Yes, I’m going to write out my own personal Work on all of those thoughts I have had.  I will not be repeating the questions. I will just answer them in order. I think you’ll be able to follow it.

I’ll take the first ones slower and more thoroughly than the later ones. You will notice, listening to me or anyone facilitate The Work for someone else, that sometimes, when we’ve kind of processed enough, we just go right to the Turn Arounds.

We’ll see what happens here.  

I cry too much. (waiting for the answer to arise)

Is it true?  No.

Can I absolutely know that it’s true? No.

 How do I react when I believe I cry too much?

I try to stop, try to suppress it, tense up, avoid situations where I’m likely to cry, refuse to answer people who ask why I’m crying, brush them off, hide in my room, wipe them away.

Who would I be without the thought, “I cry too much?”

Just someone crying, calmer, peaceful.

Turn it around. (self, other or opposite)

I cry too little.

Prove this – 3 ways.

1.  Well, if I’m supressing it, I am crying too little.

2.  I avoid weddings, funerals & graduations to avoid crying. So, I’m crying too little by not going.

3.  Even when I do cry, I don’t always give it my full attention and let myself just sob like I want to. (Though I love it when I do.)

Another Turn Around that is at least as true or truer?

I laugh too much.

Rut roh. That’s kind of funny. Crying is the opposite of laughing. Some people probably think I laugh too much. I know I laugh at what are considered “the wrong things” sometimes. Yep, I can prove that turn around.

Metaphors can be turn arounds.

I don’t cry enough - metaphorically… as in cry out….I certainly suppress that.

Proofs:

1. I almost never scream. Sometimes I want to.

2. I suppress screaming just like crying. (even during sex sometimes)

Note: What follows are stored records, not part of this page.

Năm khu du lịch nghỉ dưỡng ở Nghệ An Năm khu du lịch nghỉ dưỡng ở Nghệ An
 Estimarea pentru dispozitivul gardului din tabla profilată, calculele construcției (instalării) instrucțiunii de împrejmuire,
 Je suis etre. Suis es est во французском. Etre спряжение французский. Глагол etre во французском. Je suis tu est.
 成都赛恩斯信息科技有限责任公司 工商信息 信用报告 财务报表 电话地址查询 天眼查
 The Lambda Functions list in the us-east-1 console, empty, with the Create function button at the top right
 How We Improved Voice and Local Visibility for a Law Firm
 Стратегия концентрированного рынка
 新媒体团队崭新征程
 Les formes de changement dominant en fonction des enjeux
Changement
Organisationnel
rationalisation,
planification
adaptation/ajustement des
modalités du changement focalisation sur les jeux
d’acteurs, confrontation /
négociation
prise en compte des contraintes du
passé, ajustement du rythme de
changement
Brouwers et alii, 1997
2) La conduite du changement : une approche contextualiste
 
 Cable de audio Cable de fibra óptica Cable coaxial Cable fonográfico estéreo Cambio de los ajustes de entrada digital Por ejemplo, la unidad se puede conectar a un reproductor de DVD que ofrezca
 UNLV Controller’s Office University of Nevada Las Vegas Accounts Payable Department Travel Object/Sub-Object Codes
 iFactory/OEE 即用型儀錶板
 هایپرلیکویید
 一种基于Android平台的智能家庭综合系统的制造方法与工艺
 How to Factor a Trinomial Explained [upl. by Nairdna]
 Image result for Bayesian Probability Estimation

3. I don’t raise objections – cry out – when I want to sometimes.

Any other Turn Arounds?

I cry enough.

Well, it’s what I do. It’s Reality however much I do cry, so it mush be enough.

What were your answers?

Here’s the next one:

I shouldn’t cry.

Is that true? No.

Can I absolutely know that’s true that I shouldn’t cry, when I obviously do cry? No, clearly not. Reality is that I cry.

How do I react when I believe this thought, “I shouldn’t cry.”

Pretty much the same as above. I try to suppress it. Avoid situations where I’d cry. Probably missed some beautiful weddings, funerals and graduations, including my own. (Katie would say, “I’d take out the probably.”)

Who would I be without the thought, “I shouldn’t cry.”

Again, just someone crying, releasing, being honest about my feelings. Nothing wrong with that. Relaxing, peaceful, letting go, letting feelings come up.

Turn it around.

I should cry. 

That’s pretty obvious. I do.

I shouldn’t laugh.

Hmm, maybe sometimes. If it’s false laughter, not genuine, that is certainly true.

Anyone want to help me out here? Can you see any other turn arounds that are at least as true or truer?

I’ll continue this, but I want to get this part up now.

Love, Ann

“Your pain is the breaking of the shell that encloses your understanding.”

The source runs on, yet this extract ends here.